> **Material to process**:
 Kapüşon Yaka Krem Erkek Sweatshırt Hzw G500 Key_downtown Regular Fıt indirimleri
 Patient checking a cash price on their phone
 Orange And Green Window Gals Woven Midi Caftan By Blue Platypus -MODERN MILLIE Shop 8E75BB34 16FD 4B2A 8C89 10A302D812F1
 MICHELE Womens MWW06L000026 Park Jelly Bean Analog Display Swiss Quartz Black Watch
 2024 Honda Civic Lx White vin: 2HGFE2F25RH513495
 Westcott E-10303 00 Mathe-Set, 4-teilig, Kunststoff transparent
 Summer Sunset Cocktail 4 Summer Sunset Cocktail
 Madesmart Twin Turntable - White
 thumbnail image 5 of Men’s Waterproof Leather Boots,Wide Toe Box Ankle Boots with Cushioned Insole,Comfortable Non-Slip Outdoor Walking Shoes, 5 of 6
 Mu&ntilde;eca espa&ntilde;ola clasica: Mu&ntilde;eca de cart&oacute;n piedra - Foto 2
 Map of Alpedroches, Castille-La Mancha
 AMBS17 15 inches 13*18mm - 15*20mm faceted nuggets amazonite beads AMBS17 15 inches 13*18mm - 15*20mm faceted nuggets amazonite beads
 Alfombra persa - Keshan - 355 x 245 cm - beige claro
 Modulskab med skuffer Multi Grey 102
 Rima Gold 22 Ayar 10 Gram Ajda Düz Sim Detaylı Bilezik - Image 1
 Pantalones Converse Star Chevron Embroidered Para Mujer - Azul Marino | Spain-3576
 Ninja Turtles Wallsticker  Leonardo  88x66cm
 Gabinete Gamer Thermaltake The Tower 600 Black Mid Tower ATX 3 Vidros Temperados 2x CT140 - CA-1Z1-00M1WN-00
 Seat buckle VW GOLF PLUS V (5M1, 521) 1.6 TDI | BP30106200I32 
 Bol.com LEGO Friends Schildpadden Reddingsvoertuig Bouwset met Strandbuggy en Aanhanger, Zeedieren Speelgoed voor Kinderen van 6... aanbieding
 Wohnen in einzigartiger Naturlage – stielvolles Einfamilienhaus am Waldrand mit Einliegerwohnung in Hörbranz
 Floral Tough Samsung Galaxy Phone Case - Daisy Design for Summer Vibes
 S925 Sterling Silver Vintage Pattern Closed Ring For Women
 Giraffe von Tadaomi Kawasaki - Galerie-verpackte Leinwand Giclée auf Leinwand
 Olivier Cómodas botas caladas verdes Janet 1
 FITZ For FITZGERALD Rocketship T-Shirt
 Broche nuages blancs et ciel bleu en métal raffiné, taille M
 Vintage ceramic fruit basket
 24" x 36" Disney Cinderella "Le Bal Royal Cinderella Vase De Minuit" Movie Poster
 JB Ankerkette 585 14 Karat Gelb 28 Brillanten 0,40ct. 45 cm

> **What is needed**: In the data above, repeat exactly each line from the first through the line that contains "Vintage ceramic fruit basket", and give nothing else.

> **Task answer**:
 Kapüşon Yaka Krem Erkek Sweatshırt Hzw G500 Key_downtown Regular Fıt indirimleri
 Patient checking a cash price on their phone
 Orange And Green Window Gals Woven Midi Caftan By Blue Platypus -MODERN MILLIE Shop 8E75BB34 16FD 4B2A 8C89 10A302D812F1
 MICHELE Womens MWW06L000026 Park Jelly Bean Analog Display Swiss Quartz Black Watch
 2024 Honda Civic Lx White vin: 2HGFE2F25RH513495
 Westcott E-10303 00 Mathe-Set, 4-teilig, Kunststoff transparent
 Summer Sunset Cocktail 4 Summer Sunset Cocktail
 Madesmart Twin Turntable - White
 thumbnail image 5 of Men’s Waterproof Leather Boots,Wide Toe Box Ankle Boots with Cushioned Insole,Comfortable Non-Slip Outdoor Walking Shoes, 5 of 6
 Mu&ntilde;eca espa&ntilde;ola clasica: Mu&ntilde;eca de cart&oacute;n piedra - Foto 2
 Map of Alpedroches, Castille-La Mancha
 AMBS17 15 inches 13*18mm - 15*20mm faceted nuggets amazonite beads AMBS17 15 inches 13*18mm - 15*20mm faceted nuggets amazonite beads
 Alfombra persa - Keshan - 355 x 245 cm - beige claro
 Modulskab med skuffer Multi Grey 102
 Rima Gold 22 Ayar 10 Gram Ajda Düz Sim Detaylı Bilezik - Image 1
 Pantalones Converse Star Chevron Embroidered Para Mujer - Azul Marino | Spain-3576
 Ninja Turtles Wallsticker  Leonardo  88x66cm
 Gabinete Gamer Thermaltake The Tower 600 Black Mid Tower ATX 3 Vidros Temperados 2x CT140 - CA-1Z1-00M1WN-00
 Seat buckle VW GOLF PLUS V (5M1, 521) 1.6 TDI | BP30106200I32 
 Bol.com LEGO Friends Schildpadden Reddingsvoertuig Bouwset met Strandbuggy en Aanhanger, Zeedieren Speelgoed voor Kinderen van 6... aanbieding
 Wohnen in einzigartiger Naturlage – stielvolles Einfamilienhaus am Waldrand mit Einliegerwohnung in Hörbranz
 Floral Tough Samsung Galaxy Phone Case - Daisy Design for Summer Vibes
 S925 Sterling Silver Vintage Pattern Closed Ring For Women
 Giraffe von Tadaomi Kawasaki - Galerie-verpackte Leinwand Giclée auf Leinwand
 Olivier Cómodas botas caladas verdes Janet 1
 FITZ For FITZGERALD Rocketship T-Shirt
 Broche nuages blancs et ciel bleu en métal raffiné, taille M
 Vintage ceramic fruit basket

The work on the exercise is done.